Nach einiger Zeit kam der Dieb zu dem Vater des Mädchens und sagte: "Wie geht es dem Mädchen, das ich gerne heiraten möchte? Ich habe schon viel Geld gewonnen." Der Vater sagte: "Der König der anderen Stadt hat unsere Stadt angegriffen und hat das Mädchen mitgenommen." Der Dieb sagte: "Wenn es weiter nichts ist, so werde ich das Mädchen bald wiederbringen."
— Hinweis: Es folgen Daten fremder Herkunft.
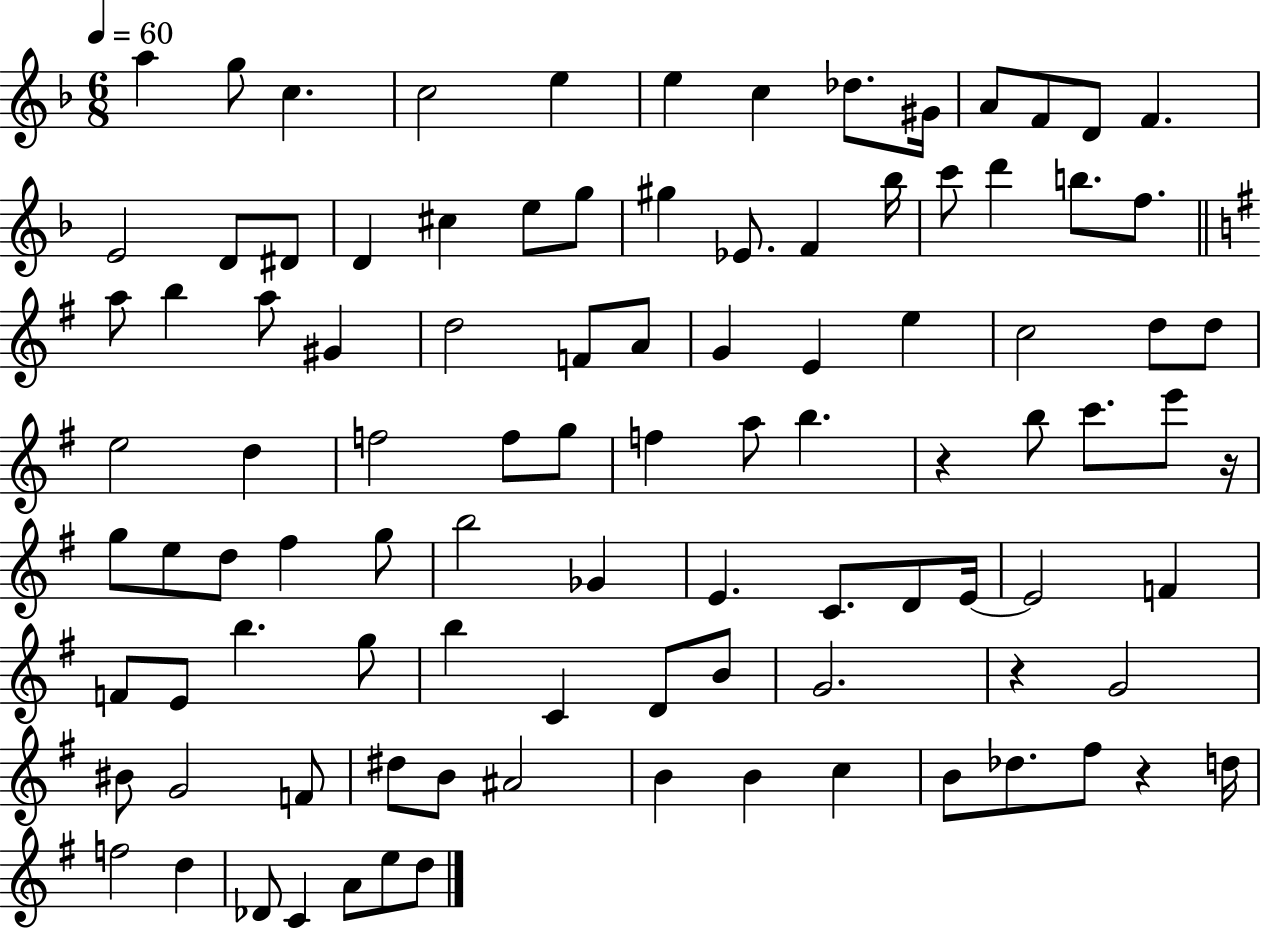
{
  \clef treble
  \numericTimeSignature
  \time 6/8
  \key f \major
  \tempo 4 = 60
  a''4 g''8 c''4. | c''2 e''4 | e''4 c''4 des''8. gis'16 | a'8 f'8 d'8 f'4. | \break e'2 d'8 dis'8 | d'4 cis''4 e''8 g''8 | gis''4 ees'8. f'4 bes''16 | c'''8 d'''4 b''8. f''8. | \break \bar "||" \break \key g \major a''8 b''4 a''8 gis'4 | d''2 f'8 a'8 | g'4 e'4 e''4 | c''2 d''8 d''8 | \break e''2 d''4 | f''2 f''8 g''8 | f''4 a''8 b''4. | r4 b''8 c'''8. e'''8 r16 | \break g''8 e''8 d''8 fis''4 g''8 | b''2 ges'4 | e'4. c'8. d'8 e'16~~ | e'2 f'4 | \break f'8 e'8 b''4. g''8 | b''4 c'4 d'8 b'8 | g'2. | r4 g'2 | \break bis'8 g'2 f'8 | dis''8 b'8 ais'2 | b'4 b'4 c''4 | b'8 des''8. fis''8 r4 d''16 | \break f''2 d''4 | des'8 c'4 a'8 e''8 d''8 | \bar "|."
}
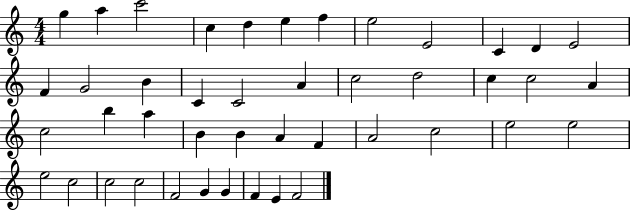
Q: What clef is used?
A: treble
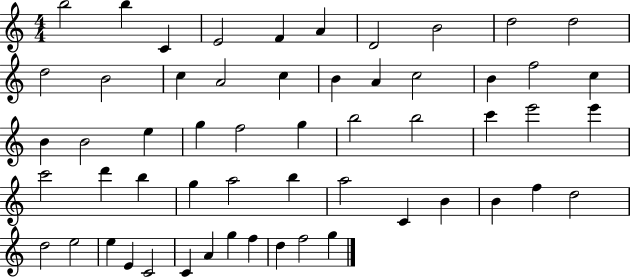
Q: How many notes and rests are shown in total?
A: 56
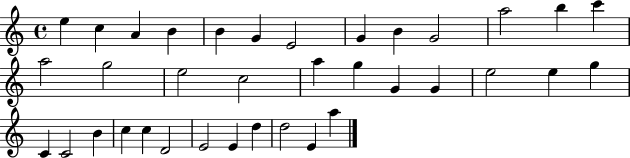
{
  \clef treble
  \time 4/4
  \defaultTimeSignature
  \key c \major
  e''4 c''4 a'4 b'4 | b'4 g'4 e'2 | g'4 b'4 g'2 | a''2 b''4 c'''4 | \break a''2 g''2 | e''2 c''2 | a''4 g''4 g'4 g'4 | e''2 e''4 g''4 | \break c'4 c'2 b'4 | c''4 c''4 d'2 | e'2 e'4 d''4 | d''2 e'4 a''4 | \break \bar "|."
}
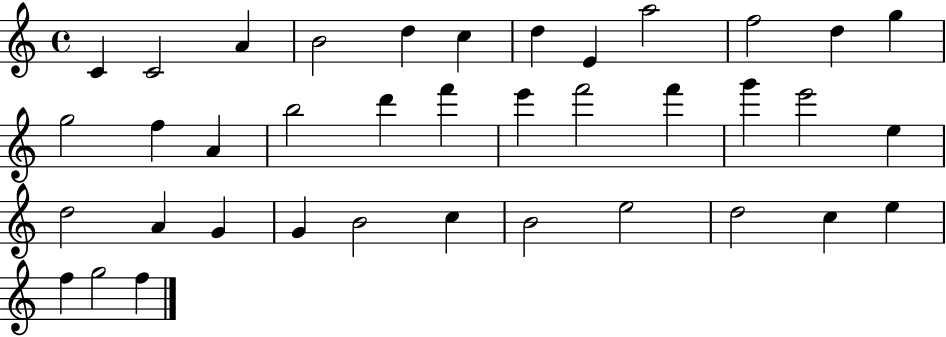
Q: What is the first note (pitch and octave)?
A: C4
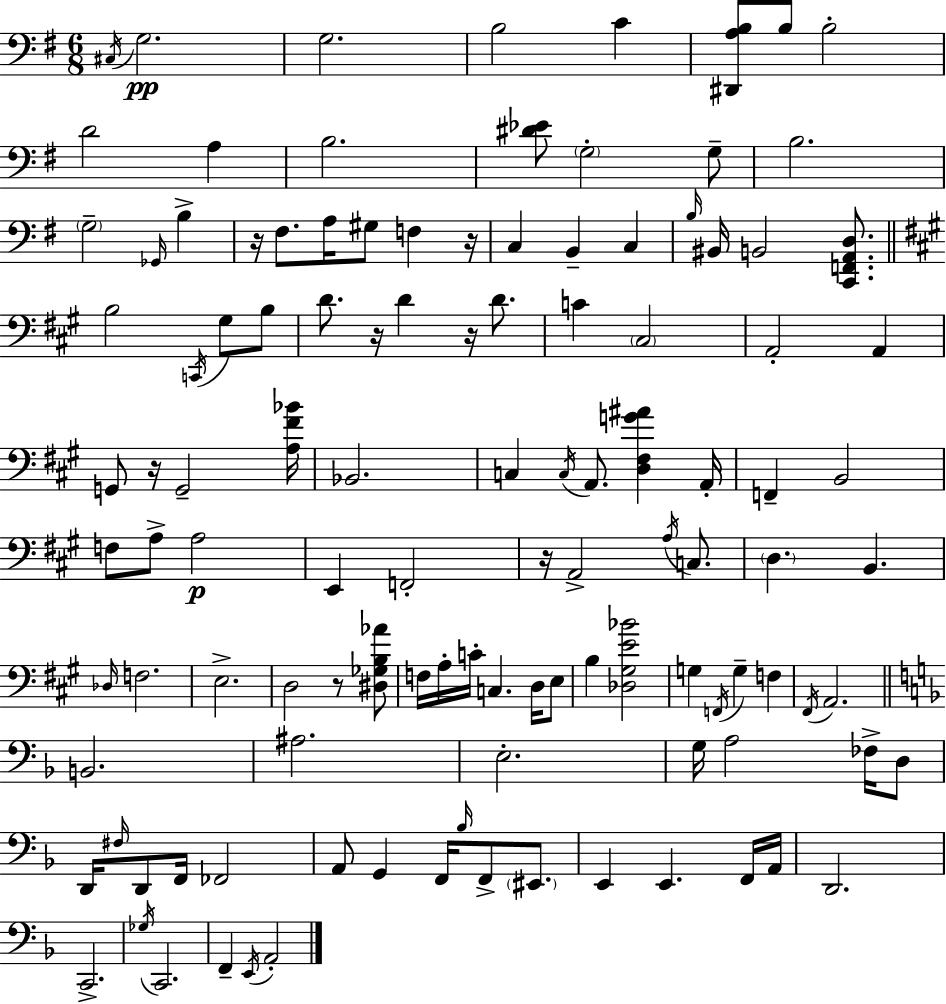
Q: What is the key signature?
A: G major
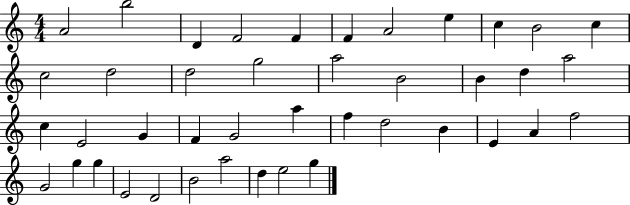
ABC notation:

X:1
T:Untitled
M:4/4
L:1/4
K:C
A2 b2 D F2 F F A2 e c B2 c c2 d2 d2 g2 a2 B2 B d a2 c E2 G F G2 a f d2 B E A f2 G2 g g E2 D2 B2 a2 d e2 g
Der Dieb machte sich auf den Weg nach der anderen Stadt, in der der König wohnte, in dessen Gehöft das Mädchen war. Als er in die Stadt kam, verwandelte er sich in eine Katze. Als Katze lief er in das Haus, in dem das Mädchen war. Er gab dem Mädchen mit der Pfote einen Schlag. Da wurde das Mädchen zu einer kleinen Ratte. Die Katze nahm die kleine Ratte in die Schnauze und lief damit in die Stadt zurück, aus der das Mädchen stammte. In der Stadt legte er die kleine Ratte auf die Erde. Da ward die kleine Ratte sogleich zum Mädchen. Die Katze ward sogleich zum Dieb.

Es kam gerade der Jäger und sagte: "Ah! Das ist ja das Mädchen, das ich heiraten möchte! Ich habe viel Geld gewonnen. Nun will ich es sogleich mitnehmen!" Der Jäger packte das Mädchen und trug es fort. Der Dieb verwandelte sich sogleich in einen Falken und flog dahin, wohin der Jäger das Mädchen gebracht hatte. Er packte es und trug es empor in die Luft. Der Jäger ergriff Bogen und Pfeil. Er schoß auf den Vogel. Er traf ihn aber nicht.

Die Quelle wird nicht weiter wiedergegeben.